When the line with "Remember, proper maintenance" turns up below, begin repeating exactly, and carry on through the line with "This will ensure"; no pictures go into the copy.

* THE INPUT *

Segment Open

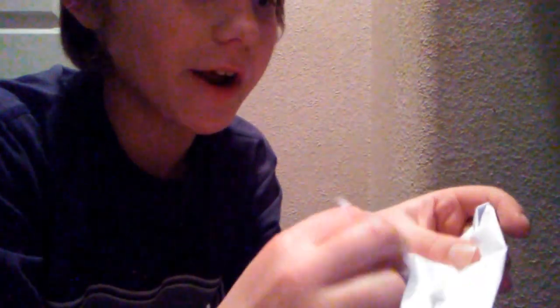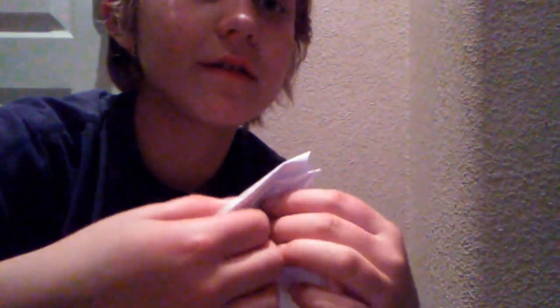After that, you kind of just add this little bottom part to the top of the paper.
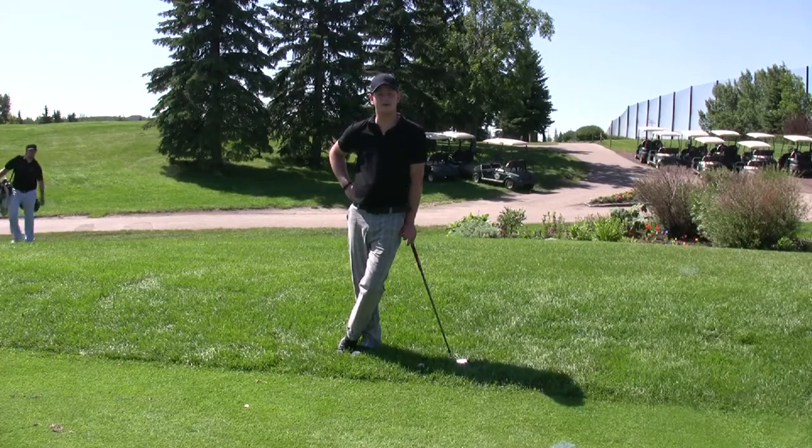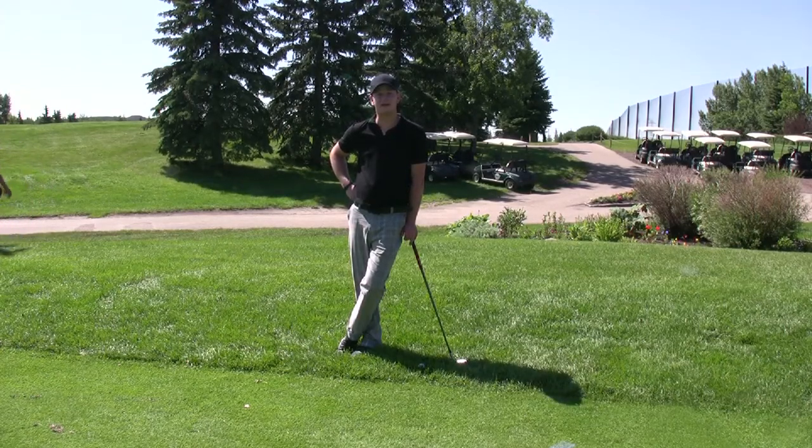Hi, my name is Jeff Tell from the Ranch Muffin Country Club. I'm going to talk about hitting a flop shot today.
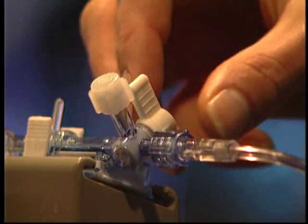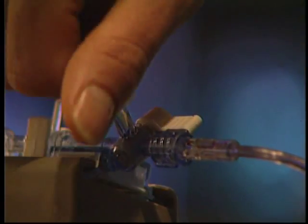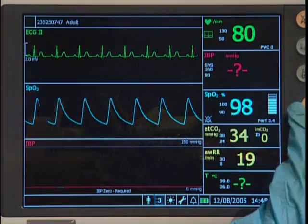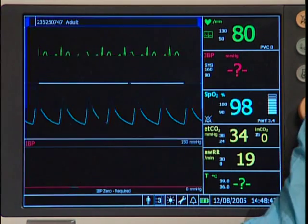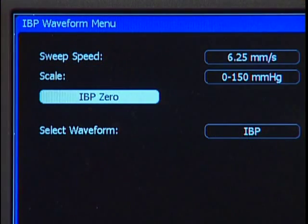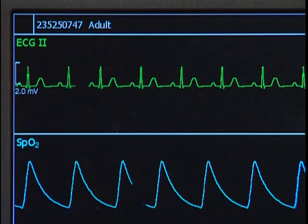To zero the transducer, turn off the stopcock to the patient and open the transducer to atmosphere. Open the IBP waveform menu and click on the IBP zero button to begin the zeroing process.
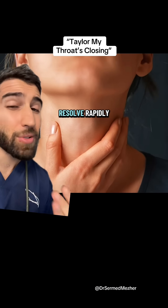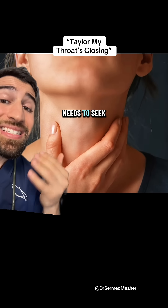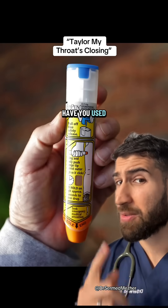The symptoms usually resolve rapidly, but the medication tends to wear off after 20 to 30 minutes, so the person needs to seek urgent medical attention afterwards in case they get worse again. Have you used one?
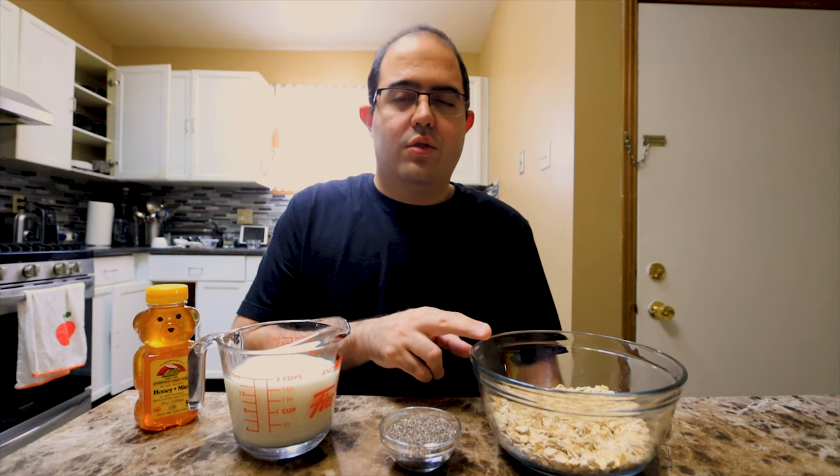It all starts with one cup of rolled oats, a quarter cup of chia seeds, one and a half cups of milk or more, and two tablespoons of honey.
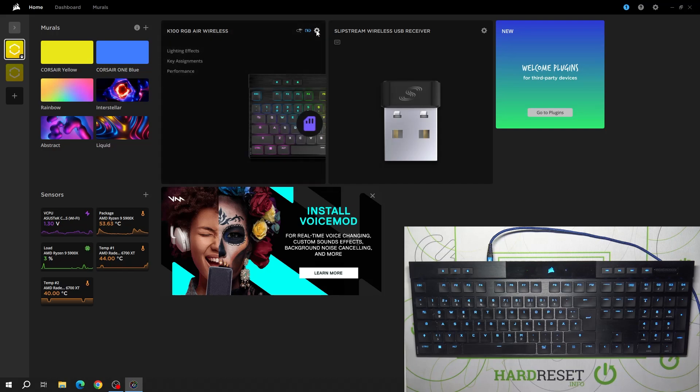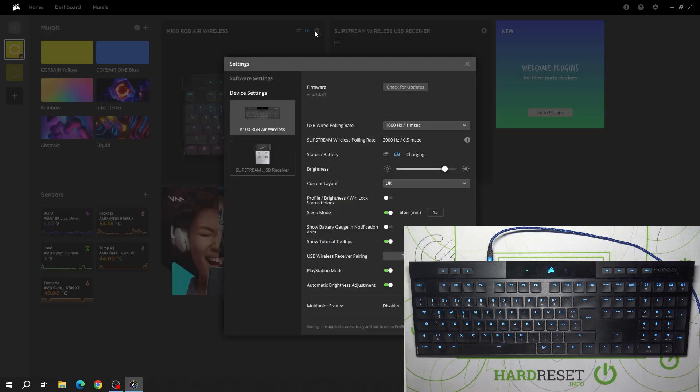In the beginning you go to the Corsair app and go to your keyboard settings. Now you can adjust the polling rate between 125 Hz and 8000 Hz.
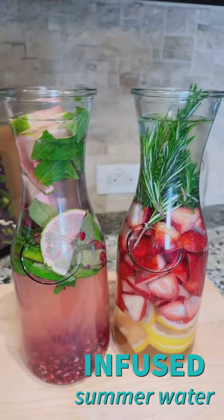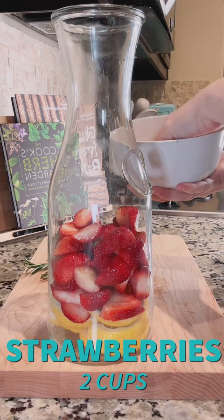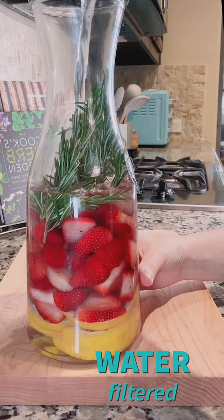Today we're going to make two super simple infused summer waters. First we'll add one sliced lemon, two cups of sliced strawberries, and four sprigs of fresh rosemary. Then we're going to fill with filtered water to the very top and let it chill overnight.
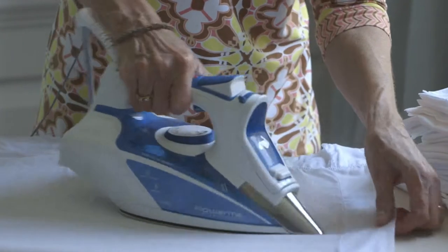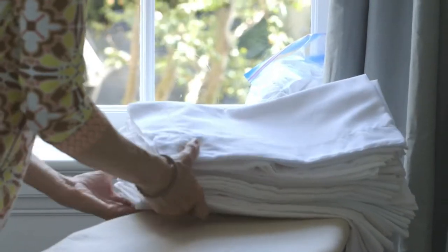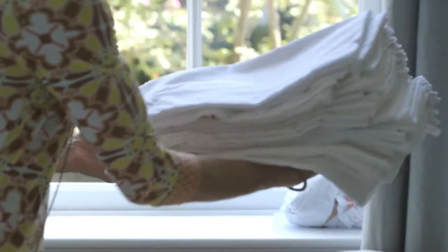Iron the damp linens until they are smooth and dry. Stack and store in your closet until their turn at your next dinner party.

Segment Closed
Segment Open

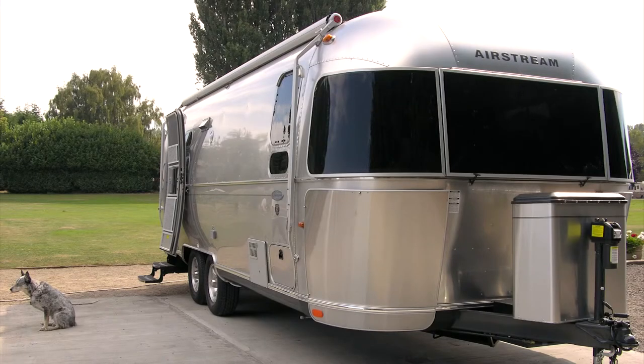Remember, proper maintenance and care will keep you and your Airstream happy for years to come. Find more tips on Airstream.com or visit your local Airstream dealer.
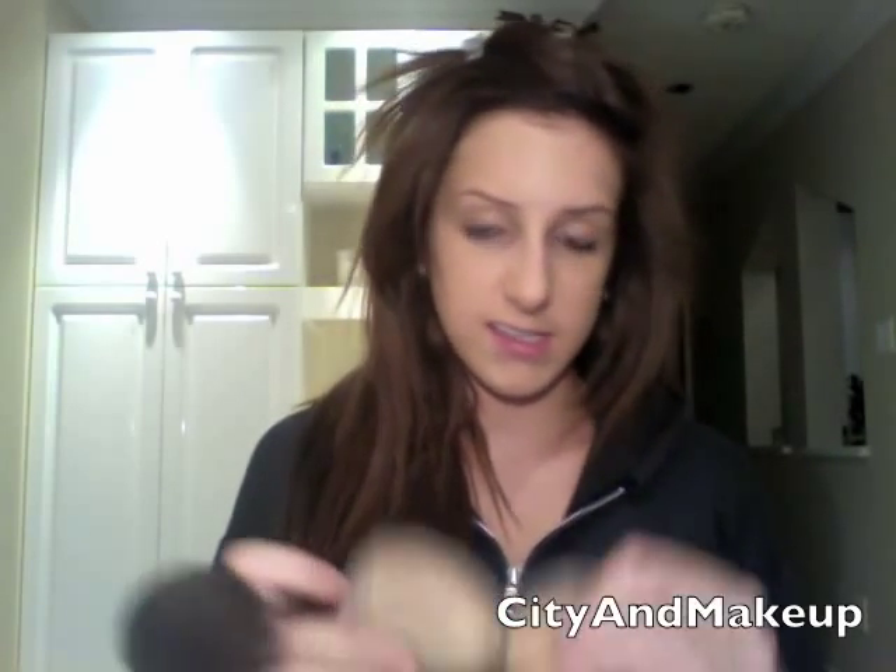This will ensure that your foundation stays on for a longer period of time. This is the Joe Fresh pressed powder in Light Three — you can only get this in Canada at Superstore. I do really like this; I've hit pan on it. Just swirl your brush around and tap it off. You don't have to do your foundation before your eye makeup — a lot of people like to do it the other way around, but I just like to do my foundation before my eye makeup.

Segment Closed
Segment Open

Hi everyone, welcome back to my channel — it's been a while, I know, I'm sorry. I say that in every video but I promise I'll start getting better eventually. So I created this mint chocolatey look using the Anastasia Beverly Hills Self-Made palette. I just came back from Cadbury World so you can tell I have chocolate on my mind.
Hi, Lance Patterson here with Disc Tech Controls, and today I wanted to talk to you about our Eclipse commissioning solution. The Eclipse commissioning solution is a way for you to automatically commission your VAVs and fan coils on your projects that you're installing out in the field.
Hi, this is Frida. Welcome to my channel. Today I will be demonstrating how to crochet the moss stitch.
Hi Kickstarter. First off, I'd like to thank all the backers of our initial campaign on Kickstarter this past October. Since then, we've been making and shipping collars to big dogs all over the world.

Segment Closed

* ANSWER TO THE EXERCISE *
Remember, proper maintenance and care will keep you and your Airstream happy for years to come. Find more tips on Airstream.com or visit your local Airstream dealer.
This will ensure that your foundation stays on for a longer period of time. This is the Joe Fresh pressed powder in Light Three — you can only get this in Canada at Superstore. I do really like this; I've hit pan on it. Just swirl your brush around and tap it off. You don't have to do your foundation before your eye makeup — a lot of people like to do it the other way around, but I just like to do my foundation before my eye makeup.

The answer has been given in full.